Of the entries below, repeat exactly only those lines from the one containing "Elrene Home Fashions" through the last line, with pictures omitted.

Brief descriptive captions:
______________________________
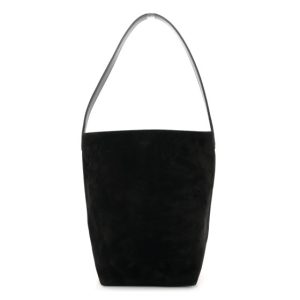 The Row Suede Calfskin Medium N/S Park Tote Black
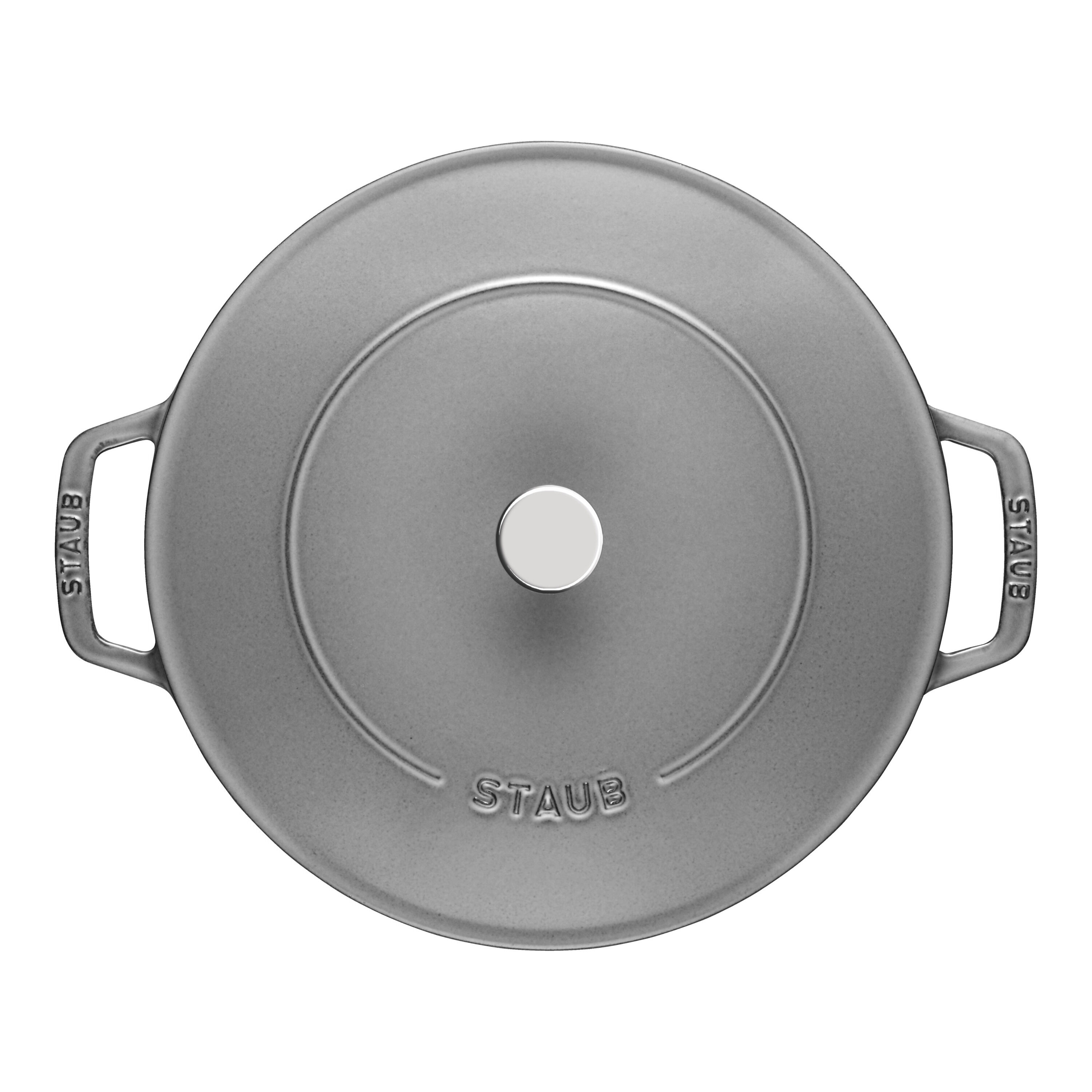 Staub        Braisers                Bräter mit Chistera Drop-Structure 24 cm, rund, Graphit-Grau, Gusseisen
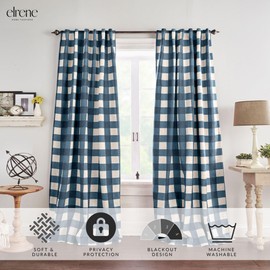Elrene Home Fashions Farmhouse Living Grainger Buffalo-Check Blackout Window Curtain, Living Room and Bedroom Drape with Rod Pocket Tabs, 52" x 84", Indigo, 1 Panel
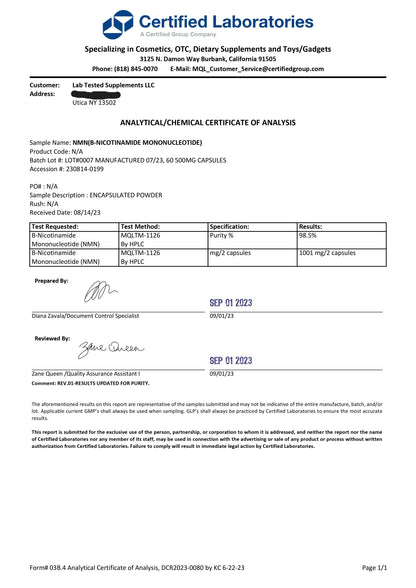 NMN - 60 500mg capsules - Nicotinamide Mononucleotide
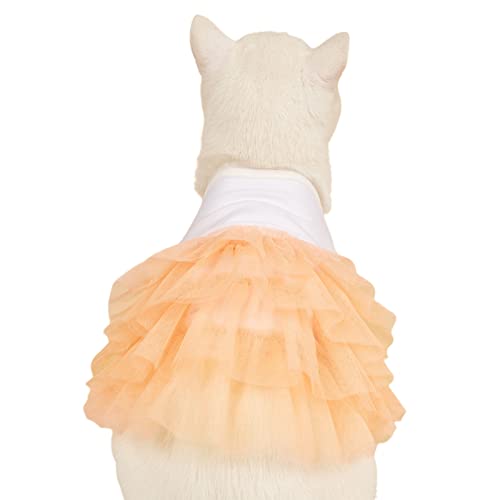 Sytaun Hundekleid Süßer Stil Atmungsaktiv Breite Anwendung Einfarbig Hundebekleidung für Outdoor Orange XL von Sytaun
______________________________
* [OUTPUT OF THE TASK]:
Elrene Home Fashions Farmhouse Living Grainger Buffalo-Check Blackout Window Curtain, Living Room and Bedroom Drape with Rod Pocket Tabs, 52" x 84", Indigo, 1 Panel
 NMN - 60 500mg capsules - Nicotinamide Mononucleotide
 Sytaun Hundekleid Süßer Stil Atmungsaktiv Breite Anwendung Einfarbig Hundebekleidung für Outdoor Orange XL von Sytaun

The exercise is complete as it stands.